More and more data comes to light after the massive earthquake in Japan last week. As Callan Bentley points out in his blog, the vertical component of the displacement vector field shows a general subsidence in all the East coast of Honshu (Japan's main island). The maximum subsidence is 75 cm, while the horizontal displacement has been of up to ca. 4.4 m (eastwards).
At first sight, it could look awkward, as the affected part of Japan is in the Okhotsk Plate, which is the overriding plate, while the Pacific plate is the subsiding element. Shouldn't the overriding plate uplift, instead of subside? Let's analyse it more in detail.
A megathrust fault is the tectonic boundary between a subsiding plate and an overriding plate. Megathrust faults are the causing element of the majority of most powerful earthquakes in the Earth. Probably, the most famous megathrust is beneath Cascadia in North America, and you can find most of the information you need about that in this great site: Giant earquakes of the Pacific NW.
Coming back to Japan, which is part of the Eurasian plate, it overrides the Pacific plate over a megathrust. This is the fault that, with its slip due to elastic rebound, caused the 9.0 Mw earthquake some days ago. But of course, the slip occurs suddenly, after accumulating energy for certain time.
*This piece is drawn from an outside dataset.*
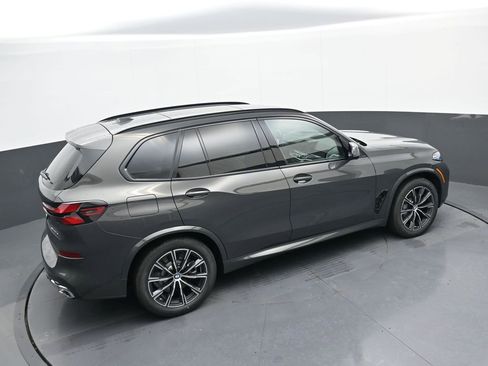 New 2026 BMW X5 xDrive50e w/ M Sport Package AWD/4WD image 38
As the following figure shows (taken from here), the overriding plate develops a bulge -due to strain build-up- when the upper plate locks over the subducting plate. Behaving elastically, the bulge grows as shortening continues, and the overriding plate continues accumulating strain in the bulge area. At some moment, the contraction is so strong that it exceedes the hold of friction along the fault, and an earthquake is triggered. The strain build-up relaxes, and the previoulsy uplifted region subsides. The cycle starts all over again.
This is what has happened in Japan. An example may be to imagine ourselves pushing a mat, with our feet, against another mat. One of them will form a fold in the rim, until its resistance is broken, it slips over the "subsiding" mat, and the fold disappears.
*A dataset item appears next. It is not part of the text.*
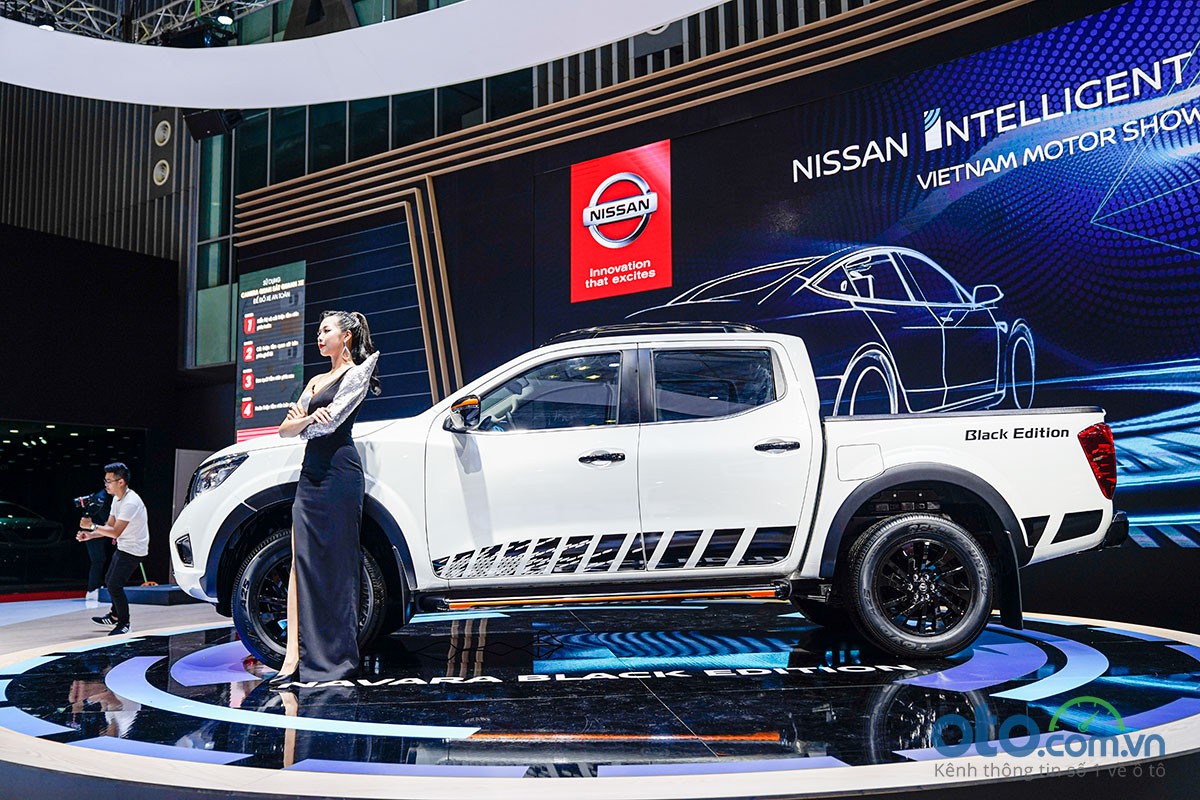 Nissan Navara Black Edition A-IVI nổi bật tại VMS 2019, giá 835 triệu đồng 7a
In 1700, that happened in Cascadia (http://blog.lib.umn.edu/stgeorge/geog5426/2010/11/13/Jacoby%20Geology/201997.pdf), when a massive earthquake caused the subsidence of a region, where many trees drowned and just a handful of them survived... for telling us through their ring what happend with the topographic base level. (Photo from here)NASA has published two MODIS images, showing the coastline in Sendai before and after the eartquake. It is still early to estimate the new coastline, as in the images of this week many lands near the coastline are still flooded by the tsunami wave, and will probably not be submerged in the near future.